Excerpts from a dataset
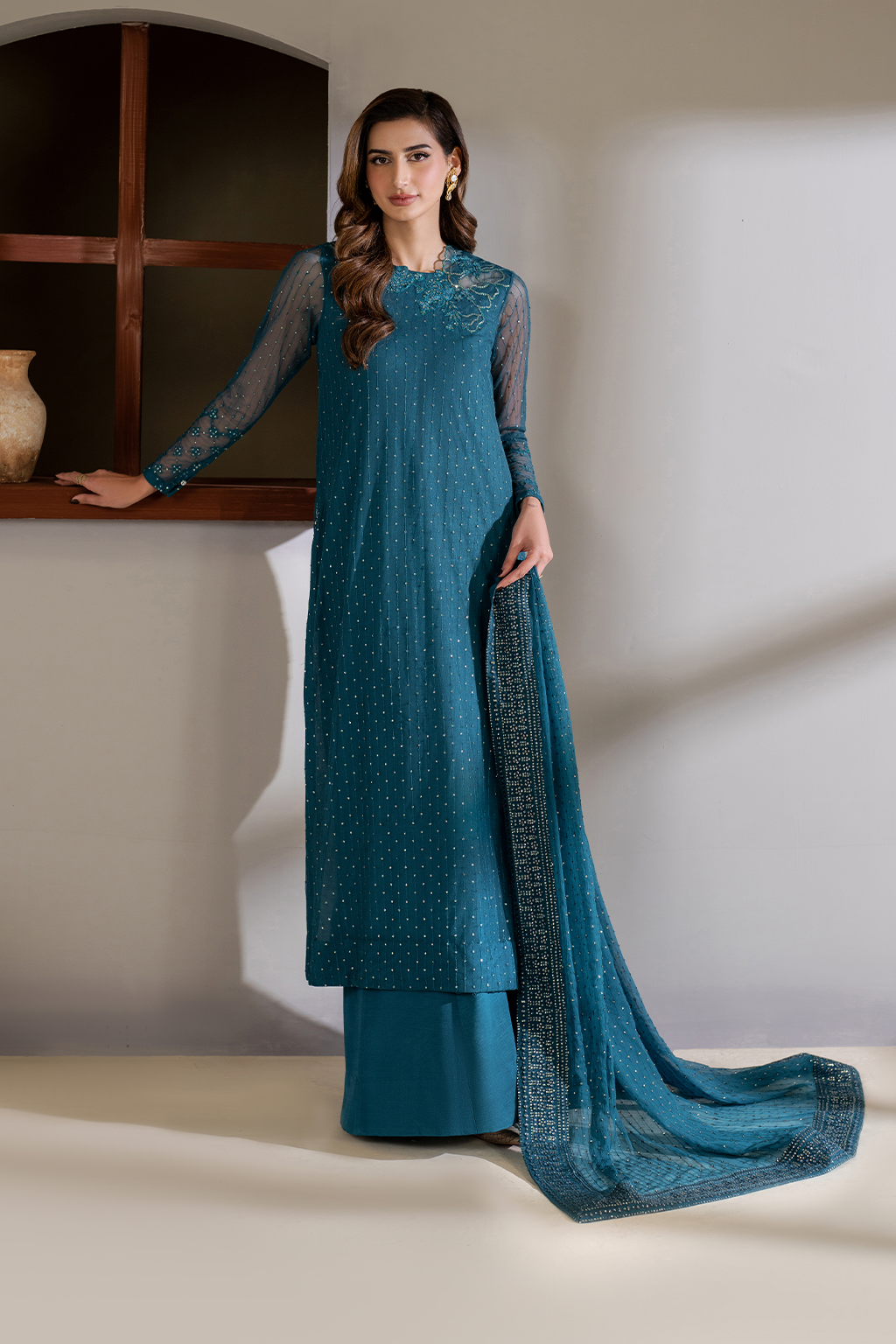 CC-57 Embroidered Net - Iznik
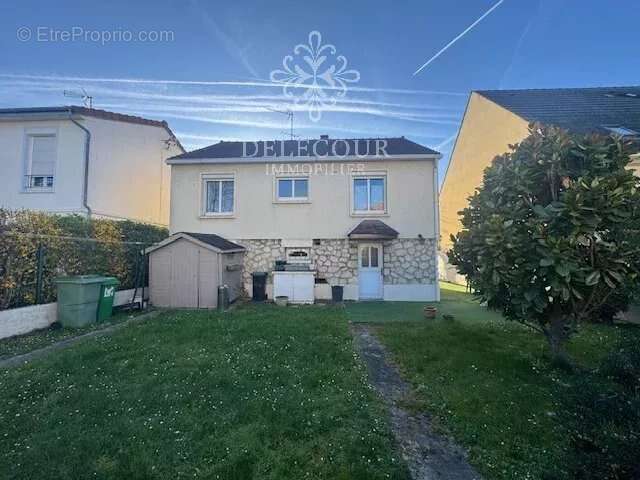 Maison à PARAY-VIEILLE-POSTE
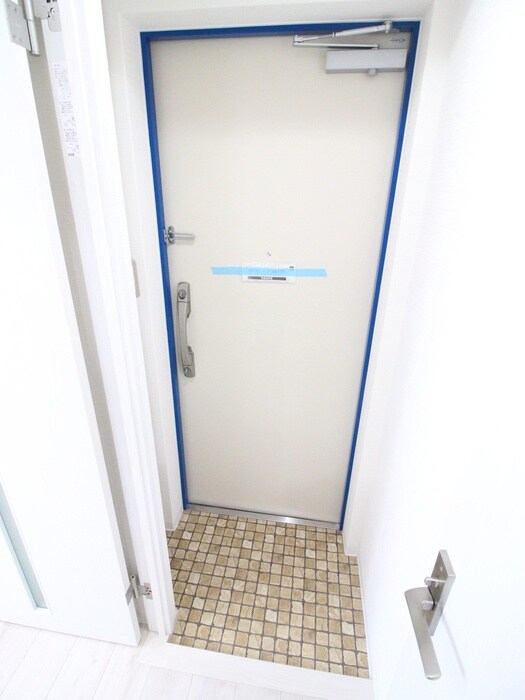 物件内観写真14　(玄関)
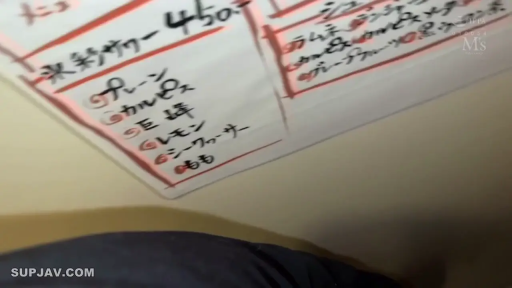 坐姿 · 全身 · 女王调教 · 网袜 · 眼罩 · 踩踏 · 冷漠 · 欧式房间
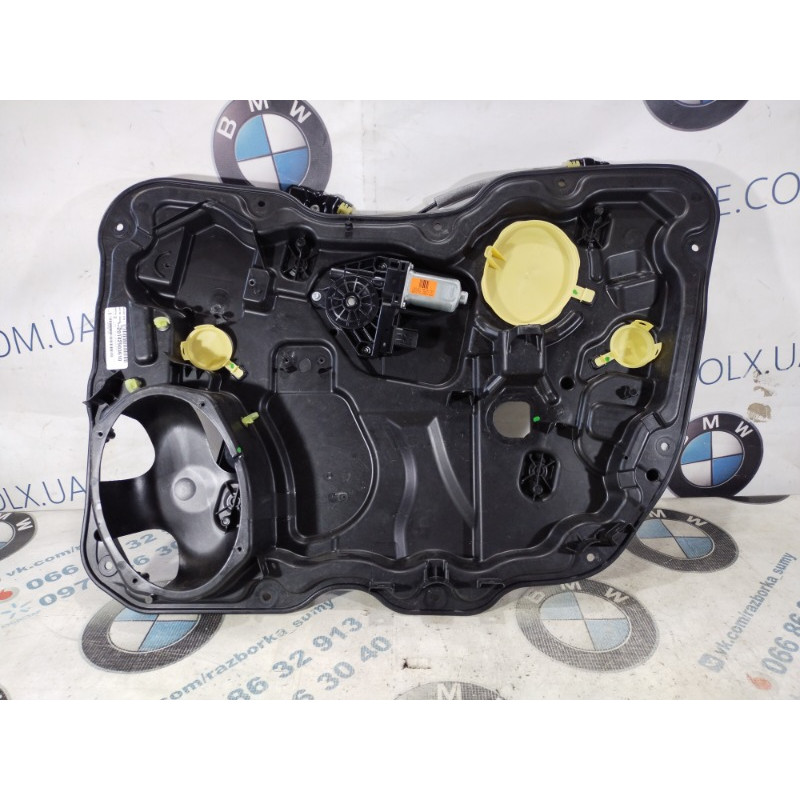 Механизм стеклоподъемника с мотором (кузов и элементы) Jeep Cherokee KL 2014 2.4 68227 256AA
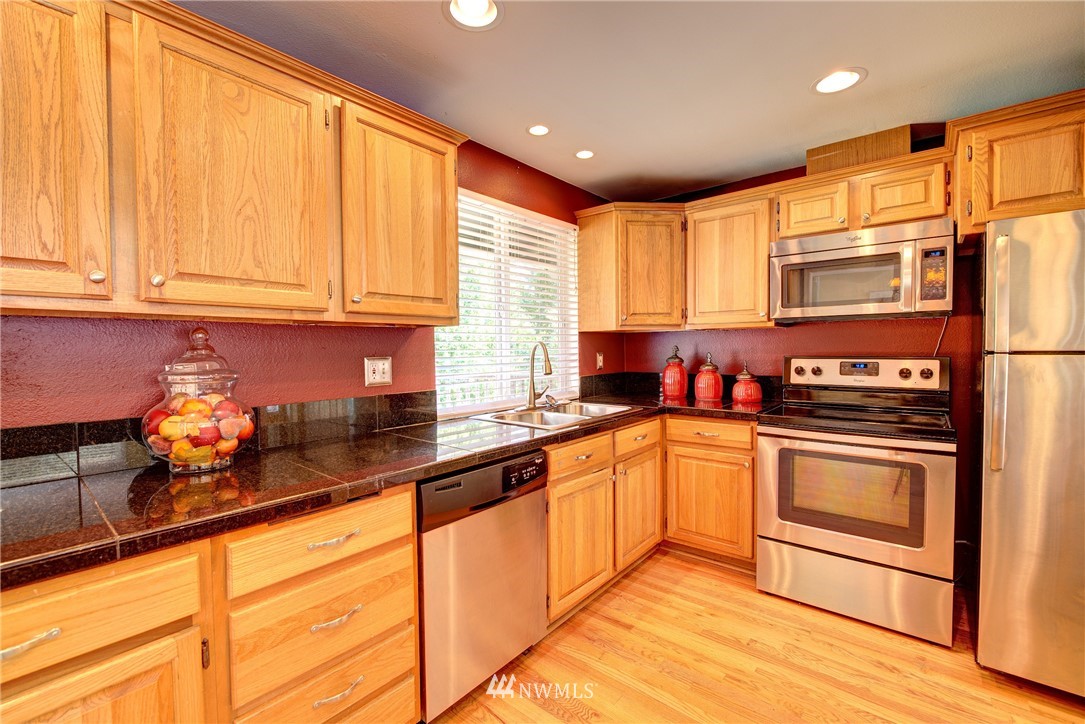 21903 Meridian Avenue South Bothell, WA 98021 - Photo 7 of 25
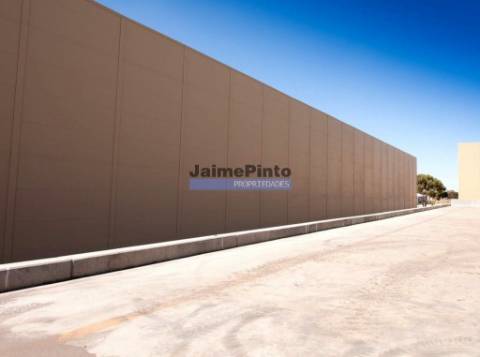 Armazém Industrial, Instalações, Edifício, 29 000m2. Portugal, Aveiro, Anadia.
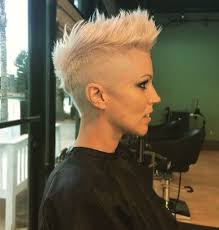 Elegant Kurzhaarfrisuren Frauen Iro In 2020 Frisuren Kurzhaarfrisuren Damen Iro Haarschnitt Kurz
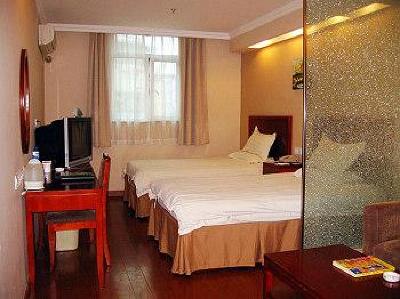 фото отеля Green Tree Inn (Zhenjiang Zhongshan West Road)
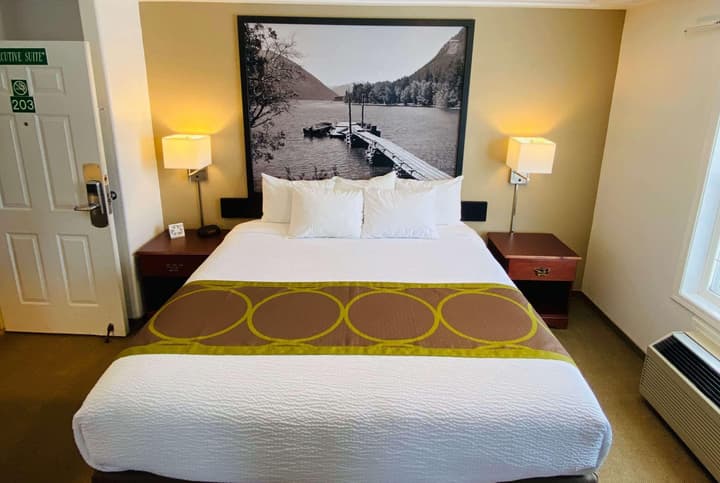 Super 8 by Wyndham 100 Mile House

### Exercise
Output the line that contains "Armazém Industrial, Instalações, Edifício, 29" and every line after it to the end of the records, word for word, leaving out the pictures.

### Result of this task
 Armazém Industrial, Instalações, Edifício, 29 000m2. Portugal, Aveiro, Anadia.
 Elegant Kurzhaarfrisuren Frauen Iro In 2020 Frisuren Kurzhaarfrisuren Damen Iro Haarschnitt Kurz
 фото отеля Green Tree Inn (Zhenjiang Zhongshan West Road)
 Super 8 by Wyndham 100 Mile House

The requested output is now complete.